1. A data memory comprising n electrically alterable storage devices each arranged to store data bits in a sequential manner, means to step digit values held in said n storage devices in a sequential manner and in parallel with each other, output means arranged to read out the respective outputs of said n electrically-alterable storage devices as an n bit data word, a further storage device arranged to store data indicating in respect of each address to which the data memory is stepped which, if any, of the n electrically alterable storage devices has stepped to an unusable or malfunctioning segment, and stepping means arranged to step selected ones of the n storage devices independently of the other storage devices in response to the data held in said further storage device so as to avoid unusable or malfunctioning segments.

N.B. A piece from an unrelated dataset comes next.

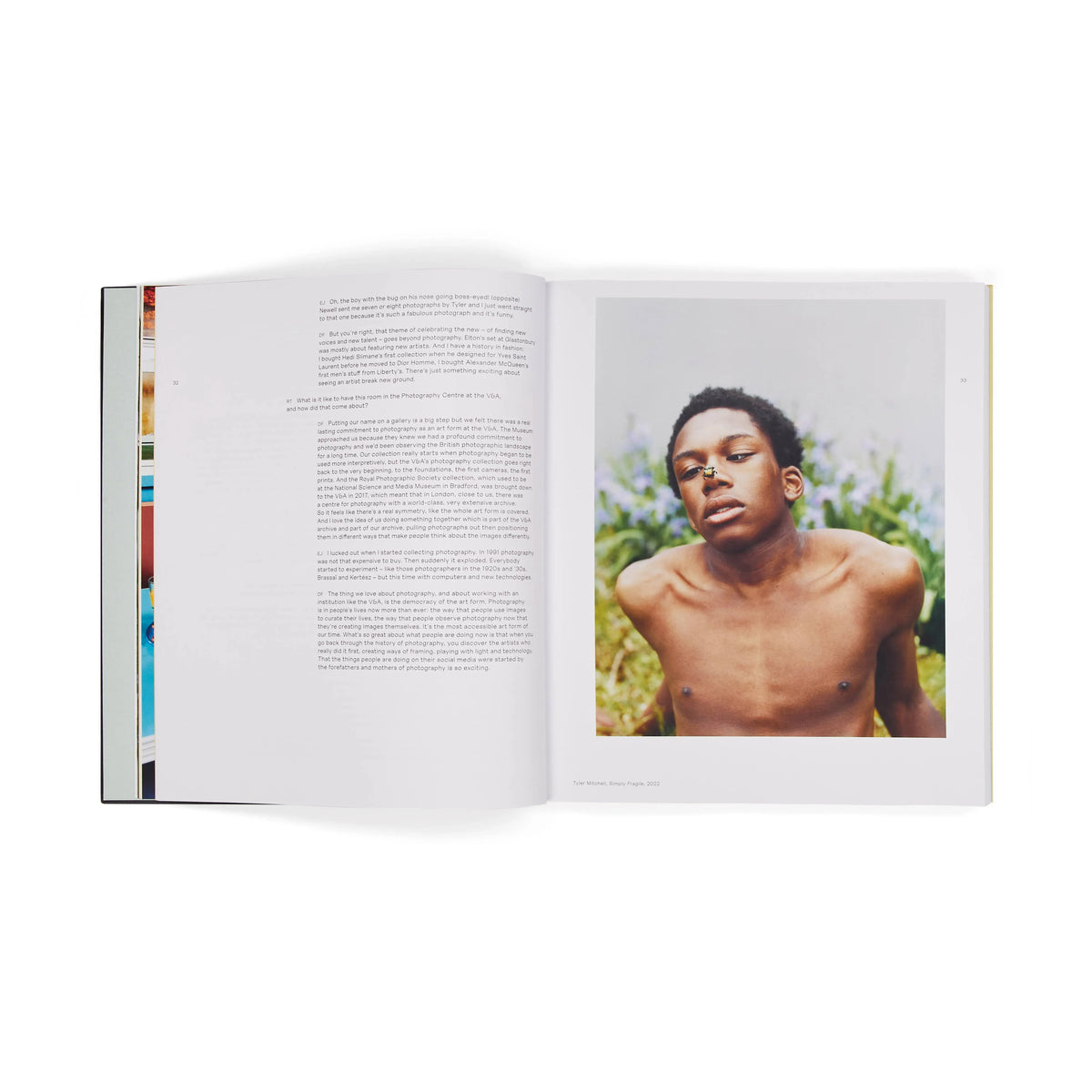 Open book showing a page with text and an image of a shirtless person outdoors.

2. A data memory as claimed in claim 1 wherein each of then storage devices is a bubble memory in which the data bits are stored as magnetic domains in an addressable loop configuration.

3. A data memory as claimed in claim 2 wherein the stepping means is arranged to cause selected ones of the n storage devices to step over a complete respective storage loop.

4. A data memory as claimed in claim 2 or claim 3 wherein the stepping means is arranged to operate only at respective addresses of the data memory at which a change of respective storage loops of the bubble memories is required.

5. A data memory as claimed in any preceding claim wherein at least one storage device is arranged to store a respective parity bit for each data word read by the output means and parity checking means is arranged to provide an indication of the validity of the output data.

6. A data memory as claimed in any preceding claim wherein said further storage device is a programmable-read-only-memory.

7. A data memory substantially as hereinbefore described with reference to the accompanying drawing.